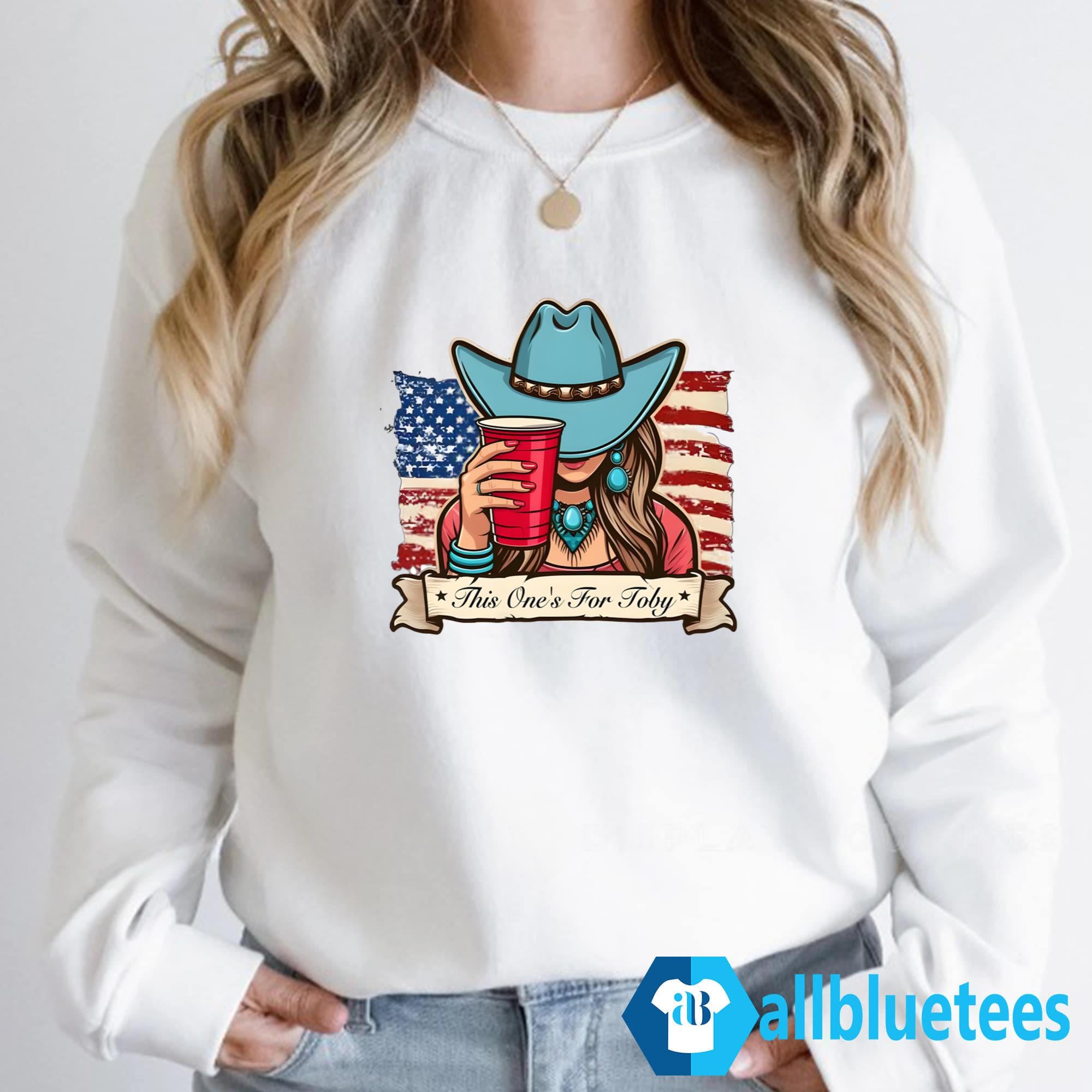 This One’s For Toby Shirt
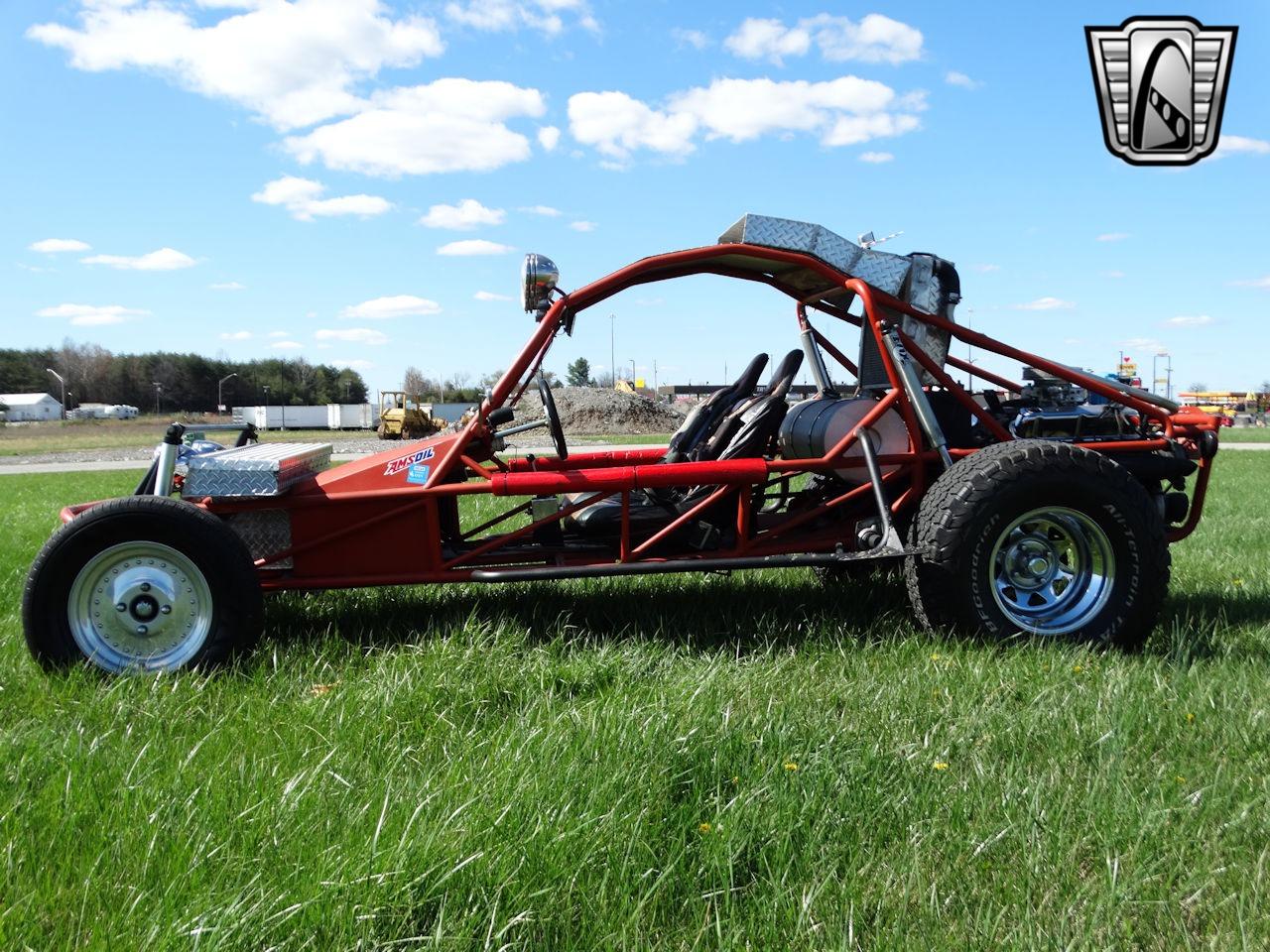 1969 Volkswagen Sand Rail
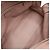 Borsa a mano in pelle Loewe Amazona Rosa - vista 6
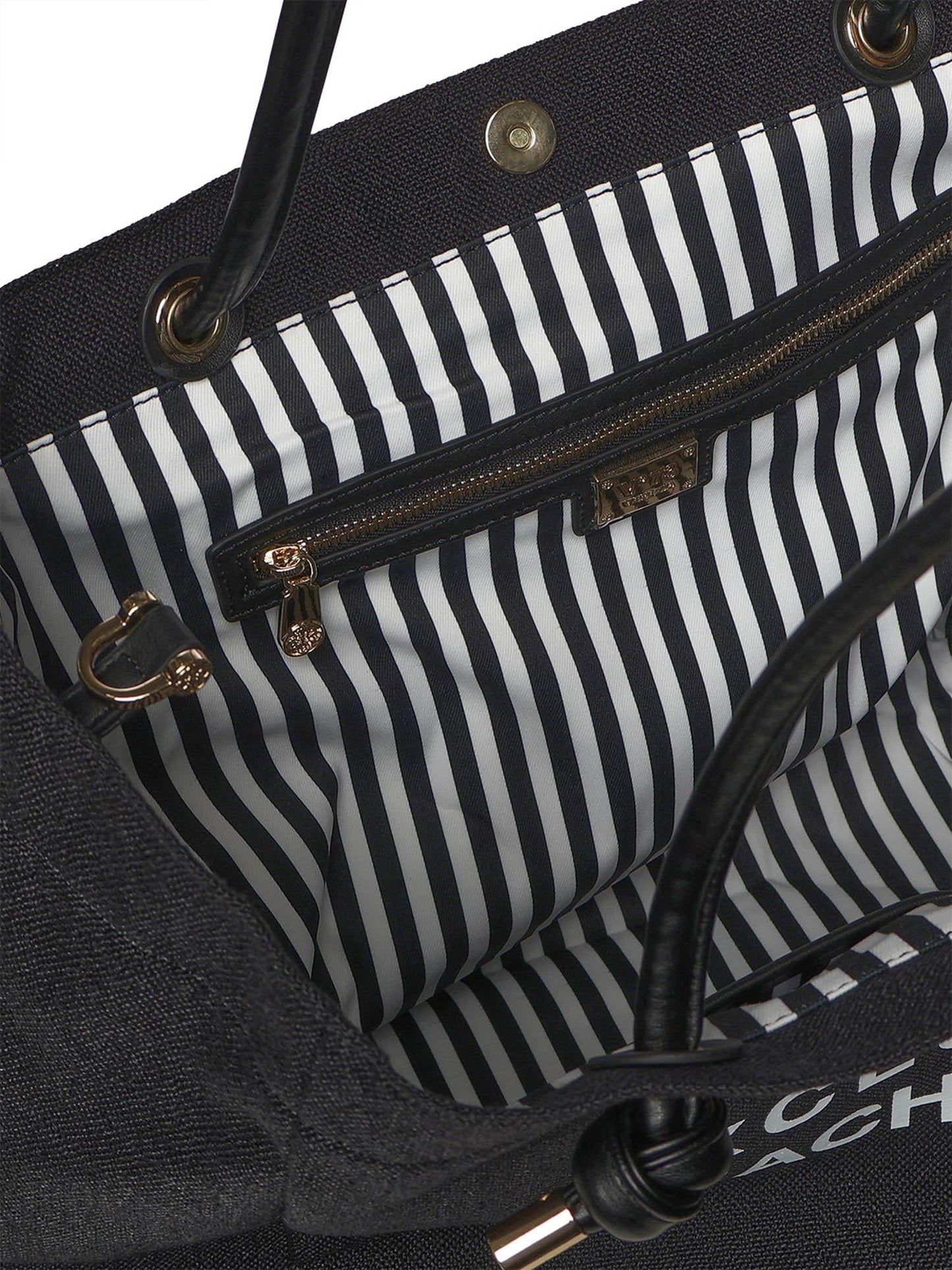 Borsa Exclusive con logo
---+---
* **Activity**:
Take the lines from the one holding "1969 Volkswagen Sand Rail" through the last line of the data above and copy them exactly, both ends included, omitting all pictures.

* **Answer to this exercise**:
 1969 Volkswagen Sand Rail
 Borsa a mano in pelle Loewe Amazona Rosa - vista 6
 Borsa Exclusive con logo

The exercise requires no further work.